The minions of the FIFA World Cup may not stand much of a chance on the playing field, but each of them with names difficult to pronounce, and lat-longs impossible to locate, are actually a traveler’s delight
Let’s be honest about your “Places to Visit Before I Die” note. It’s 90 percent Iceland, Zanzibar and Santorini, it hasn’t been updated since 2019, and somewhere between tea and dinner last Tuesday you added Curaçao, Cape Verde, Bosnia and Herzegovina, and Haiti because a YouTuber with perfect hair called them “underrated gems” of the World Cup. You still don’t know where two of them are on a map. But now, with the FIFA World Cup 2026 kicking off across the US, Mexico, and Canada, you have the perfect excuse: all four are playing. Yes. All four. Your group chat is going to lose its mind.
Start with Curaçao, because it’s the easiest to love and the hardest to explain. It’s a tiny Dutch island 40 miles off Venezuela, which means you get Caribbean beaches with European bureaucracy and a national sense of humor about it. You land, step into the heat, and Willemstad hits you like a Pinterest board someone dropped in the ocean. The houses are yellow, pink, blue, orange, and it’s technically illegal to feel stressed here. The flamingos enforce it.
Now imagine that same island shutting down because “La Seleccion di Kòrsou” just made the World Cup. The beaches will still have no seaweed and $10 sunbeds, but every bar will have a TV duct-taped to a palm tree. The drink called Blue Curaçao was invented here, and no, it does not taste like the sea. It tastes like a melted popsicle made by adults who were tired of being responsible. You’ll drink it, regret it, and order another while chanting for a team that’s 444,000 people strong and somehow outran giants in qualifying. Everything still closes by 6pm, except during matches. On match days, the whole island pulls an all-nighter and judges you if you don’t.

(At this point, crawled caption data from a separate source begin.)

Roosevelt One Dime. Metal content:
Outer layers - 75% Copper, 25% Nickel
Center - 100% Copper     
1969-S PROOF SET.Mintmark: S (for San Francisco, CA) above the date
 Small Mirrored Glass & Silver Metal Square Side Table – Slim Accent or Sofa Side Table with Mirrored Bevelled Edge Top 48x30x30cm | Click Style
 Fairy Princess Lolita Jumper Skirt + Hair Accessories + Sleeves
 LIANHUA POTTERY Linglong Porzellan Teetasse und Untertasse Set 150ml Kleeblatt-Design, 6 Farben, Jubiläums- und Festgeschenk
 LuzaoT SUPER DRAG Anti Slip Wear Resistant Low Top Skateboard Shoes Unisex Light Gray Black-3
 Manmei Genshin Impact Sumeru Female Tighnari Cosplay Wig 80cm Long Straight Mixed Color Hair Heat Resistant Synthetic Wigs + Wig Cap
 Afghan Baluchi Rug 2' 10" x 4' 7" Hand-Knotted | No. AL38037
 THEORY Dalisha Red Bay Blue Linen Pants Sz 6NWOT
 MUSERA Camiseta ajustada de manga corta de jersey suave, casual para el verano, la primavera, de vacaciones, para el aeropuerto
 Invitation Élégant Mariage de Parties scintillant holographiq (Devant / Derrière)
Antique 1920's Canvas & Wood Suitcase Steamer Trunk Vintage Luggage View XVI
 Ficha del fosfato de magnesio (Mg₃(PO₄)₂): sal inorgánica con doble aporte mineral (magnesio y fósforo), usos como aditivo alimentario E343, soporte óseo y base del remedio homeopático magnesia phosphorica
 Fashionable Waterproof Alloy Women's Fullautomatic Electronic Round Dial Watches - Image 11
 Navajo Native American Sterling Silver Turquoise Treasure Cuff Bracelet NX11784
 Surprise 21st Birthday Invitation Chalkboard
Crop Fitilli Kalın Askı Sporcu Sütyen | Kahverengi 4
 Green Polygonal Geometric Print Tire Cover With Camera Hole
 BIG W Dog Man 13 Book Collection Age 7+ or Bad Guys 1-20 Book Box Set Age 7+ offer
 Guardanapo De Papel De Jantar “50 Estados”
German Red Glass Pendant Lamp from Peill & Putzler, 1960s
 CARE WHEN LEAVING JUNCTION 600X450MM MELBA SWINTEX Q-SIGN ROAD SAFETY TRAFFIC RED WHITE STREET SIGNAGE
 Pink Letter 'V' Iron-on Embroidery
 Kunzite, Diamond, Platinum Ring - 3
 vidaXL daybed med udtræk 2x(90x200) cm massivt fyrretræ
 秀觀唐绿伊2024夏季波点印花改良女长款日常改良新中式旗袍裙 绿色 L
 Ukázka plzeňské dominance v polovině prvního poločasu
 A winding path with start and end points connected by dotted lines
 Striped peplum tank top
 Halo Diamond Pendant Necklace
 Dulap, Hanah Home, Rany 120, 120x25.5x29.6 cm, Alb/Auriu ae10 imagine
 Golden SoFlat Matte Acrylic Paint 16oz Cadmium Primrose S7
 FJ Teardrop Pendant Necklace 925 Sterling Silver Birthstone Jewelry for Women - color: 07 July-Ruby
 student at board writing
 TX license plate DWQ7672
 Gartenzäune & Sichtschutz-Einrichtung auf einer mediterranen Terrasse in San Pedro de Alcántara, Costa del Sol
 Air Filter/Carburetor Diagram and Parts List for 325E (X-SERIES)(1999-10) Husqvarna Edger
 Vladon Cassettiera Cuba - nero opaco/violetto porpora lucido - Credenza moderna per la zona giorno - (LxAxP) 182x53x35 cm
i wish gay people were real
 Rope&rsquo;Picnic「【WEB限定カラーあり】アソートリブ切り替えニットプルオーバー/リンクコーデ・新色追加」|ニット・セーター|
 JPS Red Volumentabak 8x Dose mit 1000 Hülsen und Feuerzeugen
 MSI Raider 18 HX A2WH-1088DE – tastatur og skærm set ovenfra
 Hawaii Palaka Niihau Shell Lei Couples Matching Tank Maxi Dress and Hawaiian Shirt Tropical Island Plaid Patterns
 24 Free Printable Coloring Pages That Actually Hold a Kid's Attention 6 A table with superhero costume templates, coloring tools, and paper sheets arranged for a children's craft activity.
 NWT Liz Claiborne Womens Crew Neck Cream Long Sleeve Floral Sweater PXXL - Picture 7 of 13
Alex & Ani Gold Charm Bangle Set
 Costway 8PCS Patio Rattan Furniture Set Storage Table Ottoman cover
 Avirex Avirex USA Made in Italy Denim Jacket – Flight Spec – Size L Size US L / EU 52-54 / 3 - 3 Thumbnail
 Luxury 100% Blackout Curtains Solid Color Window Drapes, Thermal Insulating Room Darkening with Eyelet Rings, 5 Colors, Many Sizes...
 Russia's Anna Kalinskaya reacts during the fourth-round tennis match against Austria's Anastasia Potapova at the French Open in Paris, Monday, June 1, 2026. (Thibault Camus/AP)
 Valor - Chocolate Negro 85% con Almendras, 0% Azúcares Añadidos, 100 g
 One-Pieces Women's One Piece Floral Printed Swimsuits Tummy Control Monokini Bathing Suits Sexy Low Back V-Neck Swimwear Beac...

From there, fly across the Atlantic to Cape Verde, which is Portugal’s group chat with Africa and the wind is the admin. Ten islands, 350 miles off Senegal, and nine of them exist purely to prove that hair products are a lie. Sal Island is white sand, salt flats, and kitesurfers who look like they were cast in a Red Bull ad. If you don’t like wind, Sal will break up with you before your first coffee. São Vicente is where the music lives, home of Cesária Évora, the barefoot diva who sang about longing. After a plate of cachupa, you’ll understand why.